65 years ago today, I was confirmed. Confirmation is officially the second of the Catholic Church's seven sacraments, although in contemporary Catholic practice it is typically the fourth, perhaps one of the many mistakes we continue to make regarding this sacrament. In the above photo from my confirmation day in 1957, we were all in two lines (as we so often were in those days), wearing our Confirmation gowns (red for boys, white for girls) and holding our all-important name cards. I guess I was looking directly at some family member holding a camera - all the while very attentively guarding my name card. Whatever its theological and sacramental significance, I personally experienced confirmation primarily as just another life-cycle celebration, a "rite of passage" (a term with which I was then surely still unacquainted). Indeed, some years later at my 8th-grade Baccalaureate Mass, the priest referred to confirmation as "something that just happened to you when you reached a certain age" (in contrast to our graduation which, he suggested, represented more of an actual accomplishment on our part). 

According to the Baltimore Catechism, question 330, which we faithfully memorized, "Confirmation is the sacrament through which the Holy Ghost comes to us in a special way to enable us to profess our faith as strong and perfect Christians and soldiers of Jesus Christ."

Whatever that actually meant may have been less than completely clear to me at the time. What was particularly important to me about my my confirmation was that I got to choose a confirmation name. I chose Michael for my confirmation name, because I was attracted by the bellicose militaristic image of Michael the Archangel in the prayer which we then regularly recited as part of the so-called “Leonine Prayers for Russia” recited after Low Mass. Because that was what I cared the most about, that is the part of the ceremony that I best remember.

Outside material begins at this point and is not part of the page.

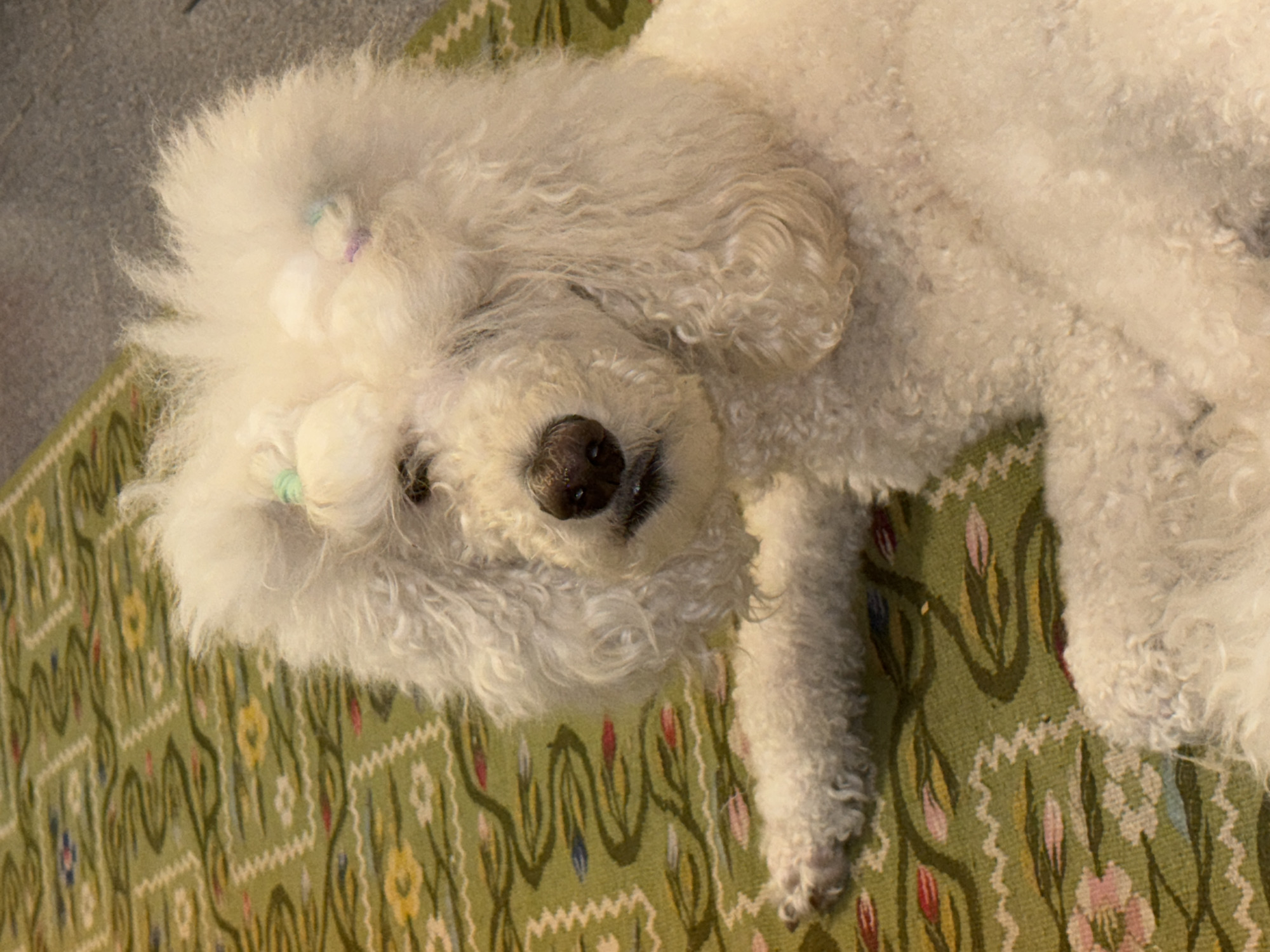 A white poodle with curly fur is lying on a green patterned rug. The dog has a dark nose and eyes, and two small hair ties in its fur. The rug has a repeating floral pattern in shades of green, yellow, pink, and red. The location is unknown and cannot be identified from the image.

Thus, when my turn came to kneel before the Bishop on his faldstool in front of the High Altar, a priest took the card out of my hand and announced my confirmation name to the Bishop (in what I would later learn was the nominative case). The Bishop then addressed me (in what I would later learn was the vocative case): Michael, Signo te signo crucis; et confirmo te chrismate salutis. In nomine Patris, et Filii, et Spiritus Sancti. ("Michael, I sign you with the sign of the cross and I confirm you with the chrism of salvation, in the name of the Father and of the Son and of the Holy Spirit.") And that was it! Perhaps because we were so many, or perhaps because the Bishop was a foreigner, there were no Bishop's questions to terrify us.  Once we were all confirmed, we recited some prayers together and left the church in the same orderly way we had entered (minus the name card). An irreverent observer (had there been any present) might have wondered what the fuss was all about.

At Mass earlier that day - unusually for that time, my Confirmation took place on a Sunday, so, of course, we had all attended Mass earlier that morning - an older student said "Congratulations" to me. I remember that I thanked her, although what about being confirmed quite warranted congratulations was not completely obvious to me either then or now, since it was, after all, "something that just happened to you when you reached a certain age." More accurately, of course, for most of history, Confirmation was something that happened to you when a bishop happened to be available. Hence we hear those marvelous stories of medieval villages lining up the local kids along the roadside to be confirmed on the occasion of a bishop riding by. But, in 1950s New York, there were plenty of bishops available, and so Confirmations occurred regularly according to a schedule that appeared to be determined by one's grade-level in school.

Thus, Confirmation seemed even then to be less of a big deal than the energy invested in it would seem to have warranted. For all sorts of reasons, we still manage to make a big deal out of Confirmation, but now in a different context in which fewer young people are likely to get confirmed. By continuing to celebrate it out of its proper order, moreover, we may give the impression to those who do get confirmed that confirmation is the sacramental culmination of Christian initiation, instead of the Eucharist. Not only does that distort the relative importance of those two sacraments, it burdens Confirmation with an obligation it seems hardly equipped to fulfill.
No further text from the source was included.